■ REQUIREMENT
Transcribe the lines below exactly. No image belongs in the transcription.

■ GIVEN MATERIAL

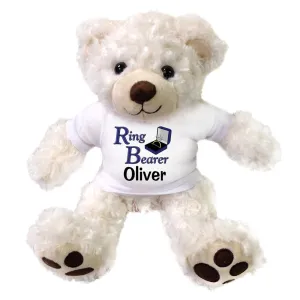 Ring Bearer Teddy Bear -  Personalized 13" Vera Bear, Pearly White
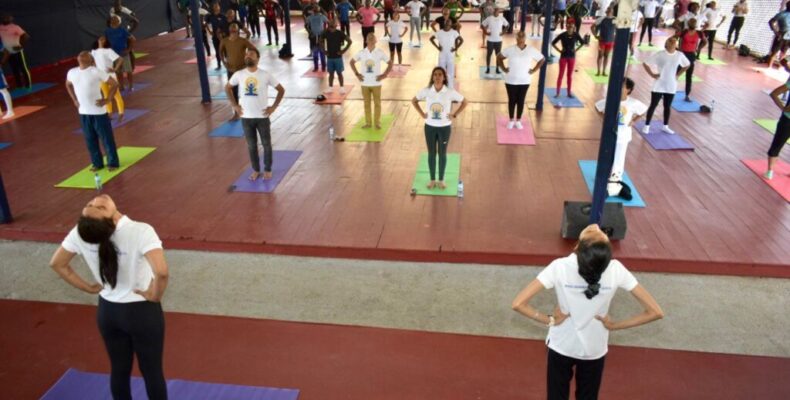 Police officers benefit from yoga session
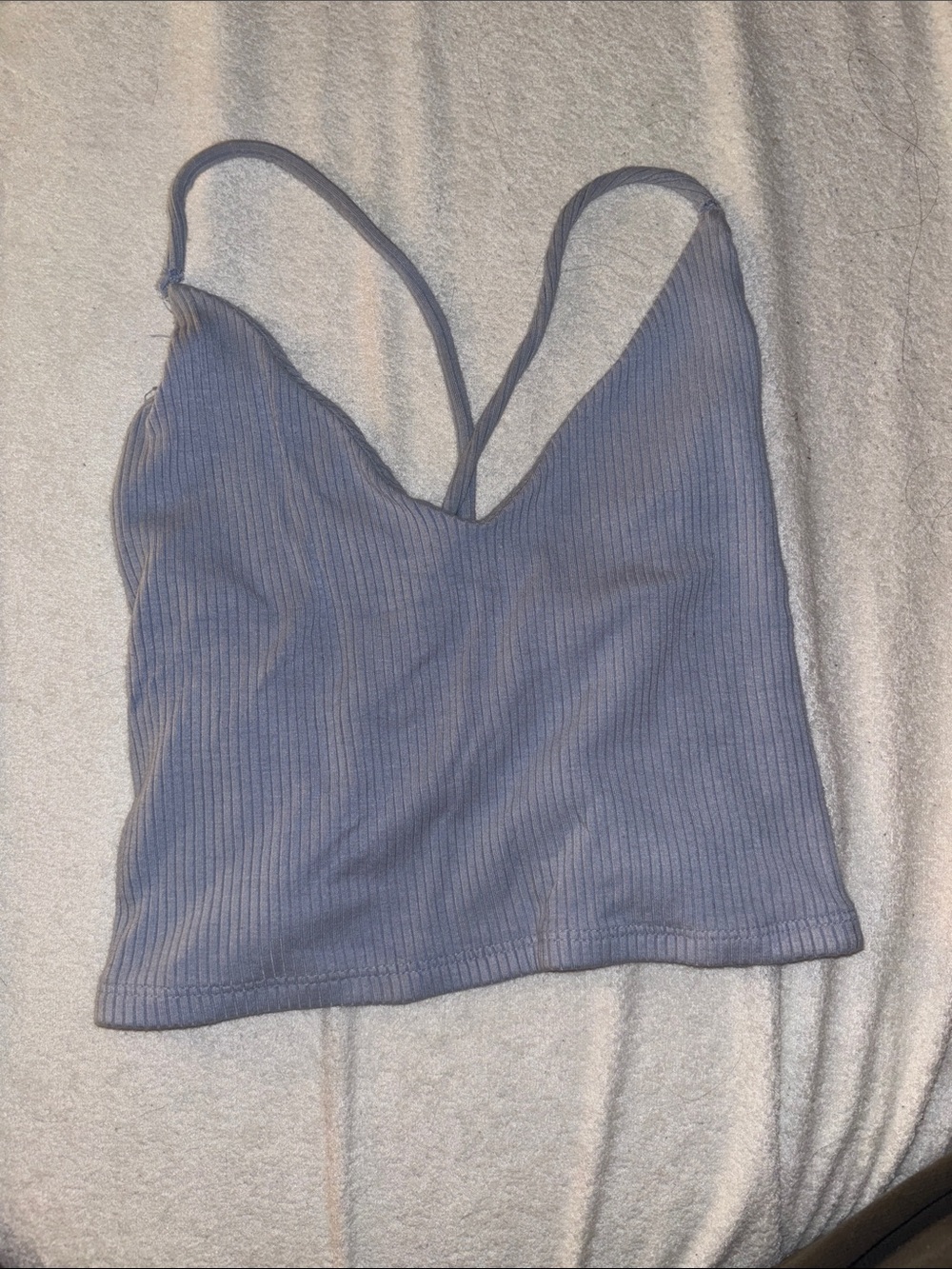 Ribbed V-Neck Cami Tank Top - Powder Blue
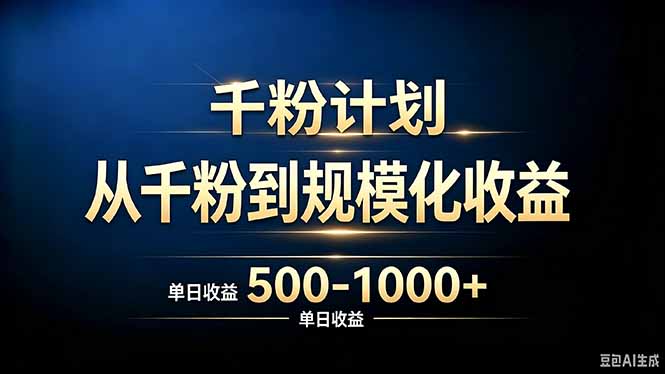 （20078期）抖音千粉账号计划，从千粉到规模化收益 500-1000+单日收益-知创网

■ REPLY
 Ring Bearer Teddy Bear -  Personalized 13" Vera Bear, Pearly White
 Police officers benefit from yoga session
 Ribbed V-Neck Cami Tank Top - Powder Blue
 （20078期）抖音千粉账号计划，从千粉到规模化收益 500-1000+单日收益-知创网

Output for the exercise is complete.